◇
「杏奈帰るぞー」
「はいはーい」
いつも通り、迎えに来た達郎。
ちゃんと用意しておいた鞄を掴んで立ち上がる。
マフラーに大部分を覆われた顔でちらりちらちらっと達郎を覗き見る。
うーん、普通やんね?
「なに?」
いやぁその……と言い淀んで悩む。
どうするあたし。
「今朝のこと、やねんけど、さ」
悩んだ末にそう口にした瞬間、ピクリと反応される。
あ、やっぱこれ普通装ってただけなんか。
──今朝のこと。
それは教室に入ると、あたしの席に達郎が座って、ちえと俊介と話していた時の話。
まず、ちっちゃいことやけど、あたしの席に達郎が座ってたってことに朝からドキッてした。

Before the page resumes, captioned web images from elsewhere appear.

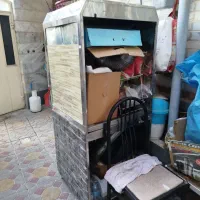 فر ساندویچ و نئون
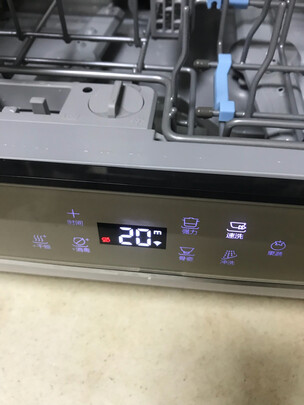 洗碗机|海尔和美的洗碗机哪款比较好用？质量口碑差距大吗？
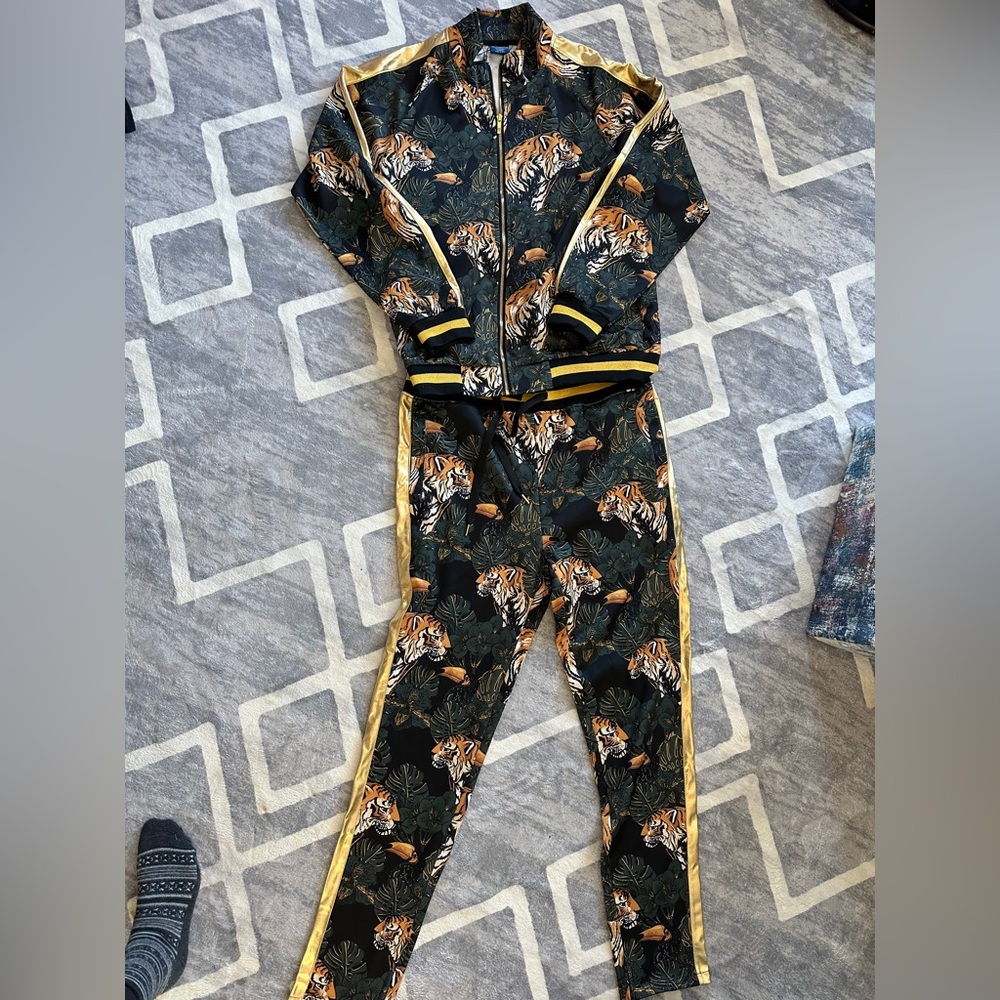 Victorious Tiger Print Jogger Set with Gold Stripes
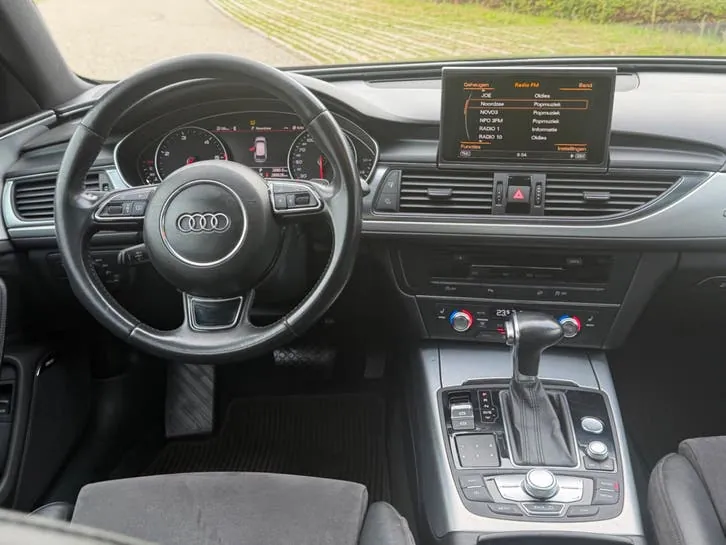Audi A6 2014 photo 2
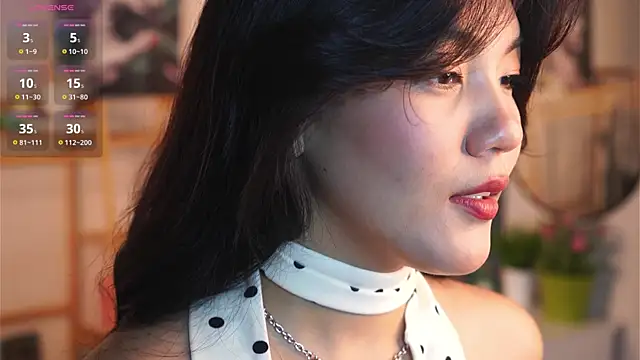 Snapshot of MoiraEger chatting on 09-23-25, 05:05 MoiraEger online show from 09-23-25, 05:05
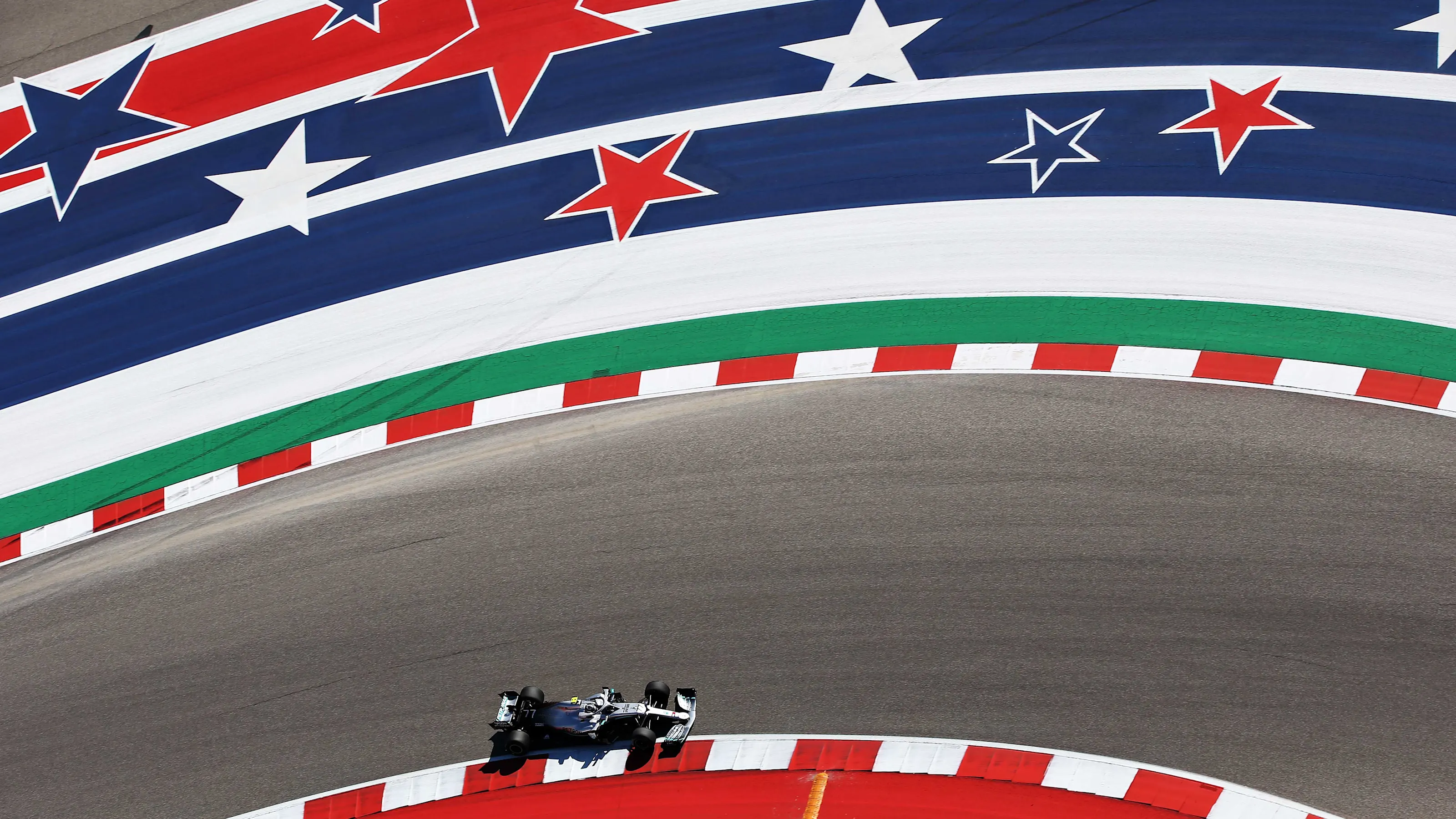 AUSTIN, TEXAS - NOVEMBER 01: Valtteri Bottas driving the (77) Mercedes AMG Petronas F1 Team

もうな、ドキッてすんのは反射やからどうしようもないねんけどな!
どうでもいい人が座ってたってなんもないのに、特別な人がしてただけで嬉しくてこそばゆくなる。
せやからいつもより上擦ってもた声で「おはよう」って言った。
そしたら、
「ギャーーーー!」
叫ばれた。
しかも、絶叫やで?
そのまま達郎は走って出てって、あたしらの教室には戻って来んかった。